Racked with stress, Choibalsan spent six months (August 1938 – January 1939) recuperating and consulting with Kliment Voroshilov, Nikolai Yezhov, and Stalin in Moscow and Sochi while NKVD agents and Interior Ministry officials carried on purge operations from Ulaanbaatar.  When he returned to Mongolia, Choibalsan followed Soviet directives and had the highly popular Prime Minister Amar purged. Choibalsan claimed he "had helped anti-government plotters, opposed their arrest, and neglected the defense of the borders.  He betrayed his own country and was a traitor to the revolution." After a coordinated propaganda campaign, Amar was arrested on 7 March 1939 and sent to the USSR, where he was later tried by a Soviet Troika and executed.

With Amar's removal, Choibalsan became Mongolia's uncontested leader, simultaneously holding the office Prime Minister, Minister for Internal Affairs, Minister of War, and Commander in Chief of the Mongolian armed forces.  Secured in his position, Choibalsan brought the terror to an end in April 1939 by declaring that the excesses of the purges had been conducted by overzealous party officials while he was away in the USSR, but that he had overseen the arrests of the real criminals.  Official blame for the purges fell on the deputy minister of internal affairs Nasantogtoh, and his former Soviet handler Kichikov.  Later, other henchmen of the purge were arrested and executed, including Luvsansharav, Bayasgalan, Dashtseveg, and Luvsandorj.  Dansranbilegiin Dogsom and Darizavyn Losol, the last two living members (besides Choibalsan himself) of the original seven founding members of the MPRP, were also arrested. Dogsom was executed in 1941.  Losol died in a Soviet prison before his case came to trial.

Legacy 

By the time the purges ended in early 1939, an entire stratum of Mongolian society had effectively been exterminated while much of Mongolia's cultural heritage lay in ruins. Approximately 18,000 lamas were condemned to death while thousands more were forcibly laicized and conscripted into the Mongolian army. More than 700 Buddhist monasteries were destroyed.  The old guard revolutionary class, viewed as heavily nationalist, was eliminated; twenty five persons from top positions in the party and government were executed (including former prime ministers Peljidiin Genden and Anandyn Amar), 187 from the military leadership, and 36 of the 51 members of the Central Committee.

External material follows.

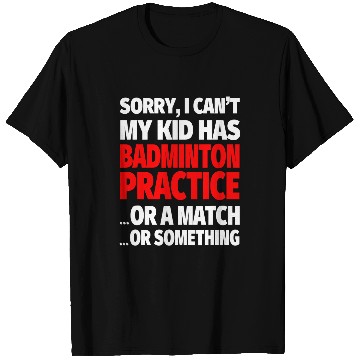 Discover Sorry I Cant My Kid Has Badminton Practice T-Shirts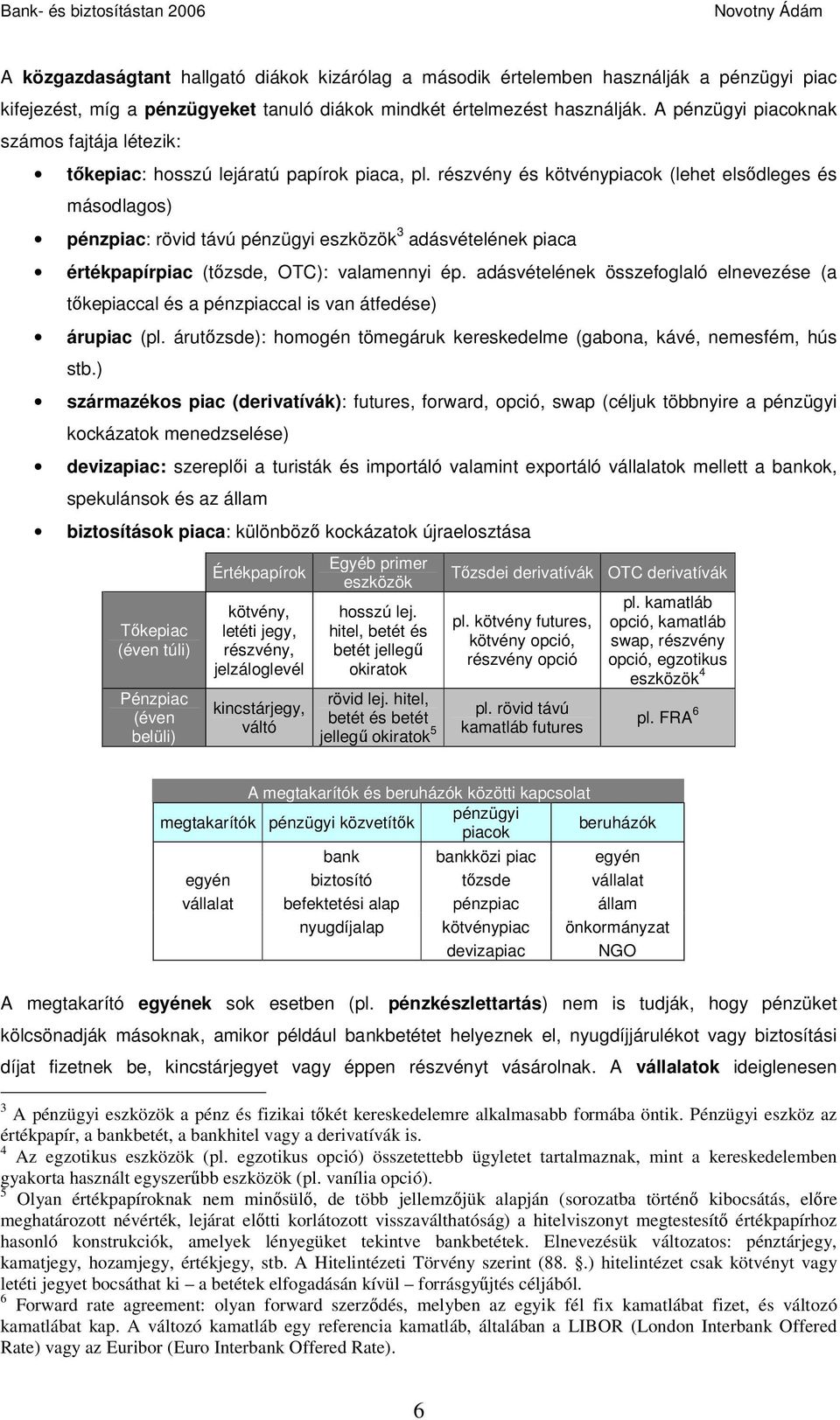 részvény és kötvénypiacok (lehet elsődleges és másodlagos) pénzpiac: rövid távú pénzügyi eszközök 3 adásvételének piaca értékpapírpiac (tőzsde, OTC): valamennyi ép.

Choibalsan became Mongolia's unquestioned leader backed by Soviet advisors, a growing Red Army presence in the country, and by younger apparatchiks who were more closely aligned with the Soviet Union, such as future leader Yumjaagiin Tsedenbal.

In the 50 years following the repressions, any public discourse on the matter was discouraged or condemned. At the time of his death in 1952, Choibalsan was widely mourned as a hero, a patriot, and ultimately a martyr for the cause of Mongolian independence. Remnants of his strong personality cult, as well as successful efforts by his successor Tsendenbal to obstruct "de-Stalinization" efforts that could have shed light on the purges, helped solidify the positive regard many Mongolians held of their former leader.  Some scholars have suggested the inclination of Mongolians to avoid blaming Choibalsan for the purges is in effect an attempt to exonerate themselves for what happened. Public anger over the violence of the purges falls predominantly on the Soviet Union and the NKVD, with Choibalsan viewed sympathetically (if not pathetically) as a puppet with little choice but to follow Moscow's instructions or else meet the fate of his predecessors Genden and Amar.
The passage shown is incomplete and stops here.